I have seen some phylogenies where Archaea is the sister group to Eukaryota, others where Eubacteria is the sister group to Eukaryota, and others where there is a trichotomy between the three groups. However, I think the latter is most often a byproduct of using ranks, i.e. each is a Domain so they must be equal. Not sure which of the first two phylogenies is the best supported but there are characters supporting each arrangement and my guess would be that there is a nested sister group phylogeny rather than a trichotomy.

Dan




On 5/7/2012 8:55 PM, Tim Williams wrote:
Dann Pigdon<dannj@alphalink.com.au>  wrote:


Surely in order to determine the amount of methane sauropods produced globally, 
we'd need to
know:

- Whether or not they utilised methanogenic bacteria (not all modern herbivores 
do).

The authors used non-ruminant herbivores to derive their estimates.

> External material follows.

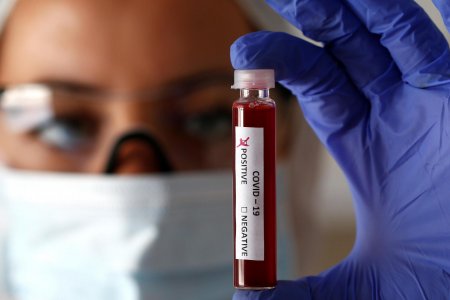 Новые симптомы коронавируса назвали немецкие врачи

BTW, a pedantic but important correction: methanogenic microbes are
archaea, not bacteria.  Archaea are the so-called Third Domain of Life
(after Bacteria and Eukaryota).  Phylogenetically speaking, archaea
are no more closely related to bacteria than we are.


- The total biomass of sauropods in the world at any one time.
- The rate at which digestion took place.

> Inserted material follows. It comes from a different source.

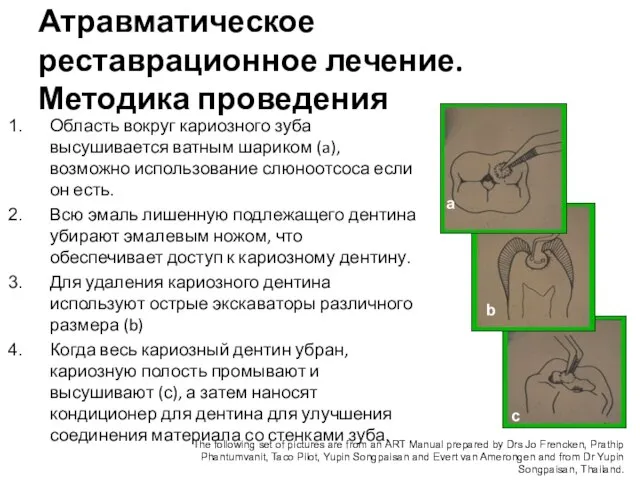 Атравматическое реставрационное лечение. Методика проведения Область вокруг кариозного зуба высушивается ватным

Pinning any of these factors down with any degree of accuracy would seem to be 
a tall order.

The authors do show their working.  Although there are certainly a lot
of assumptions made along the way.


As you imply, the range of methane production among herbivorous
mammals is highly variable.  For example, herbivorous marsupials
produce far less methane than ruminants, in part because of the
different anatomies of their respective digestive systems, and in part
because of the microbes themselves (lower numbers of methanogenic
archaea in marsupials, plus different metabolic interactions with
fermentative bacteria).



I'm also puzzled as to why the amount of methane estimated to have been 
released by sauropods
compared to the amount estimated for modern domestic livestock is of any 
statistical importance.
There are more herbivores currently in the world than just human livestock.

Yes, but ruminants (including livestock) are notoriously high emitters
of methane.






Cheers

Tim


I'm also puzzled as to why the amount of methane estimated to have been 
released by sauropods
compared to the amount estimated for modern domestic livestock is of any 
statistical importance.
There are more herbivores currently in the world than just human livestock.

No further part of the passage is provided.